Directions. Reproduce the entries word for word, and omit any picture you find in them.

Captioned web image data.
※

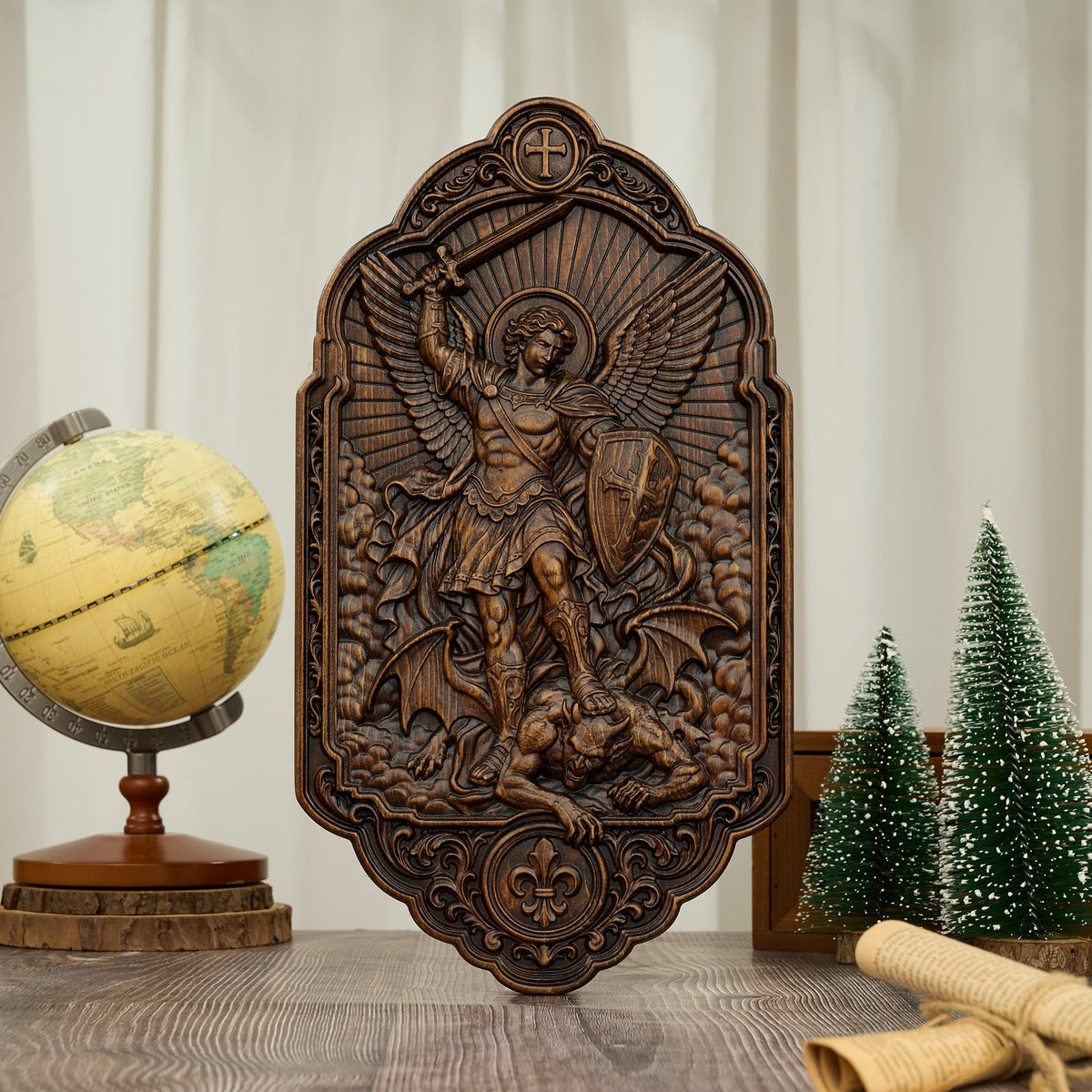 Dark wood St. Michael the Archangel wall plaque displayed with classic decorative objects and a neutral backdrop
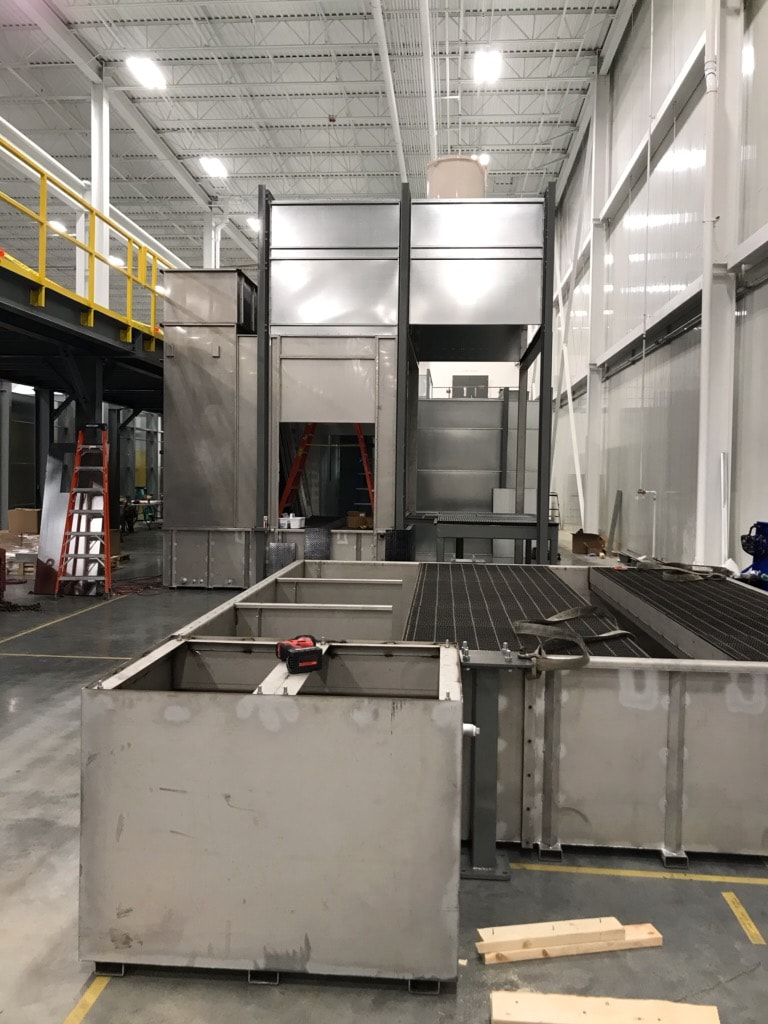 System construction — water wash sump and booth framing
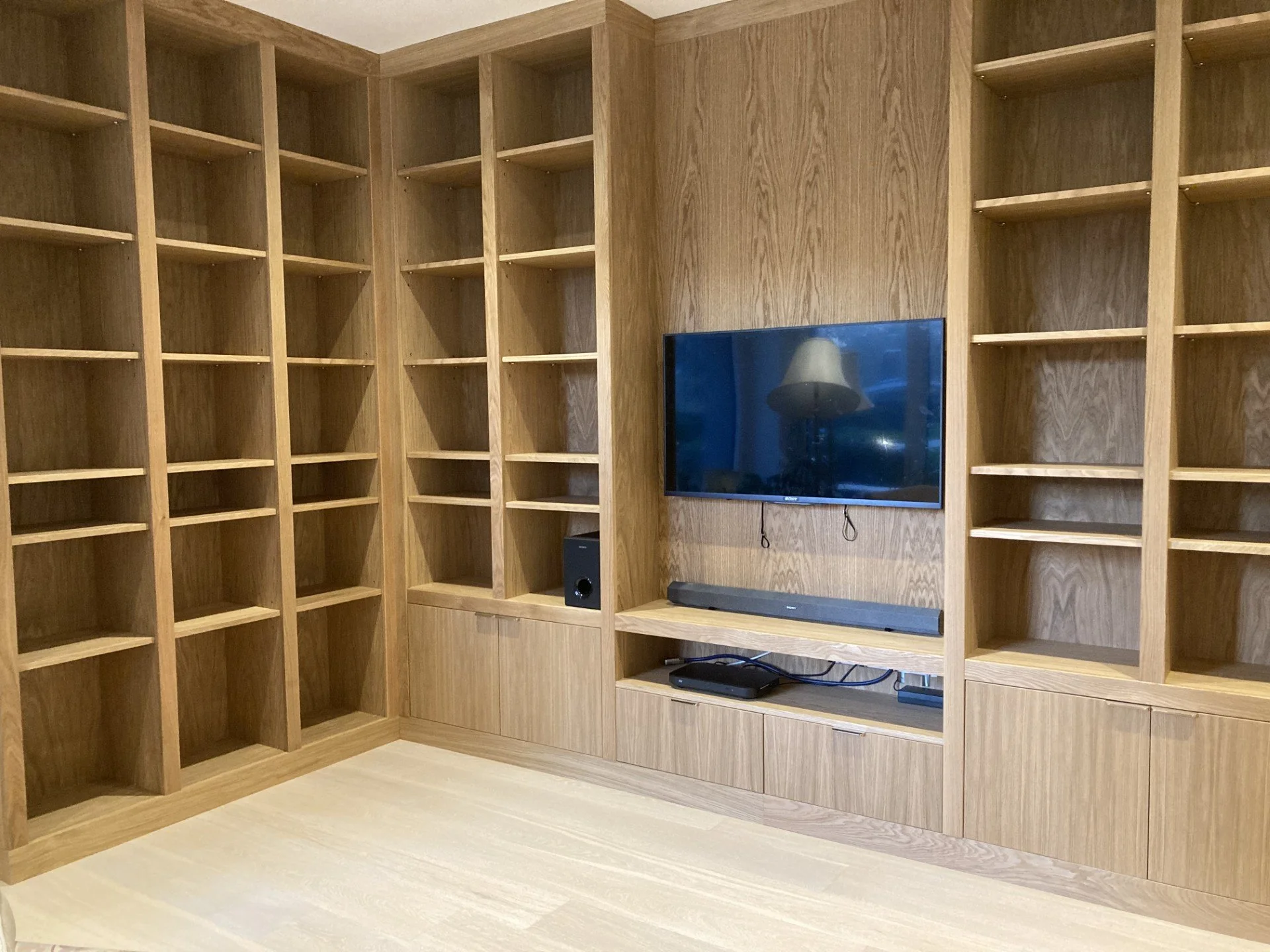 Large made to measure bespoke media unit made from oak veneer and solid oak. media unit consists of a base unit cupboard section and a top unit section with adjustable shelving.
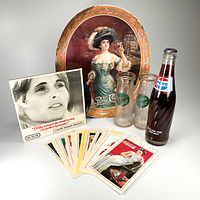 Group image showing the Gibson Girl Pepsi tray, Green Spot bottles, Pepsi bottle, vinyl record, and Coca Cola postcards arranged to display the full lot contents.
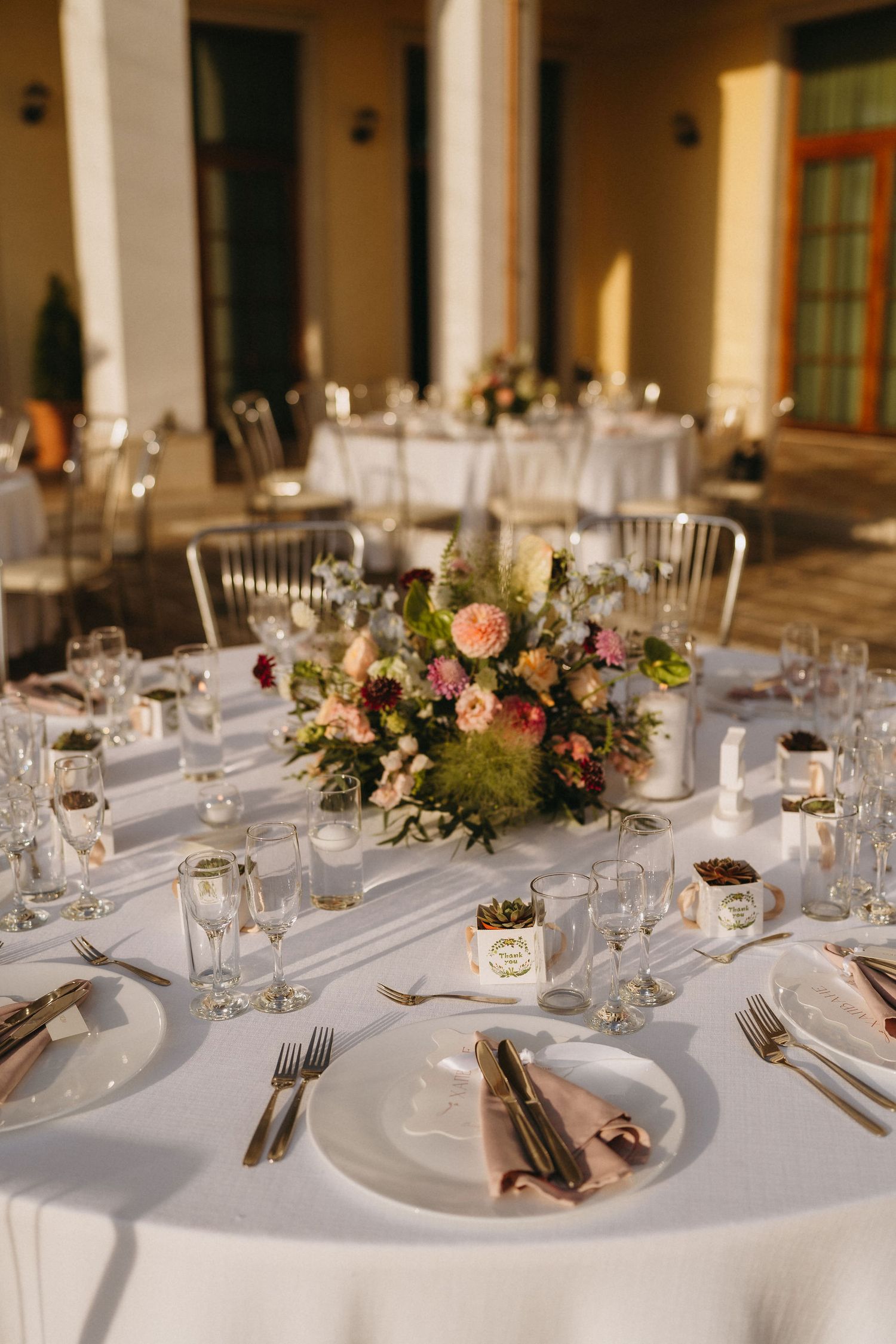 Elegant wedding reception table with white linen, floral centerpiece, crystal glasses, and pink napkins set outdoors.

※

Response area.
 Dark wood St. Michael the Archangel wall plaque displayed with classic decorative objects and a neutral backdrop
 System construction — water wash sump and booth framing
 Large made to measure bespoke media unit made from oak veneer and solid oak. media unit consists of a base unit cupboard section and a top unit section with adjustable shelving.
 Group image showing the Gibson Girl Pepsi tray, Green Spot bottles, Pepsi bottle, vinyl record, and Coca Cola postcards arranged to display the full lot contents.
 Elegant wedding reception table with white linen, floral centerpiece, crystal glasses, and pink napkins set outdoors.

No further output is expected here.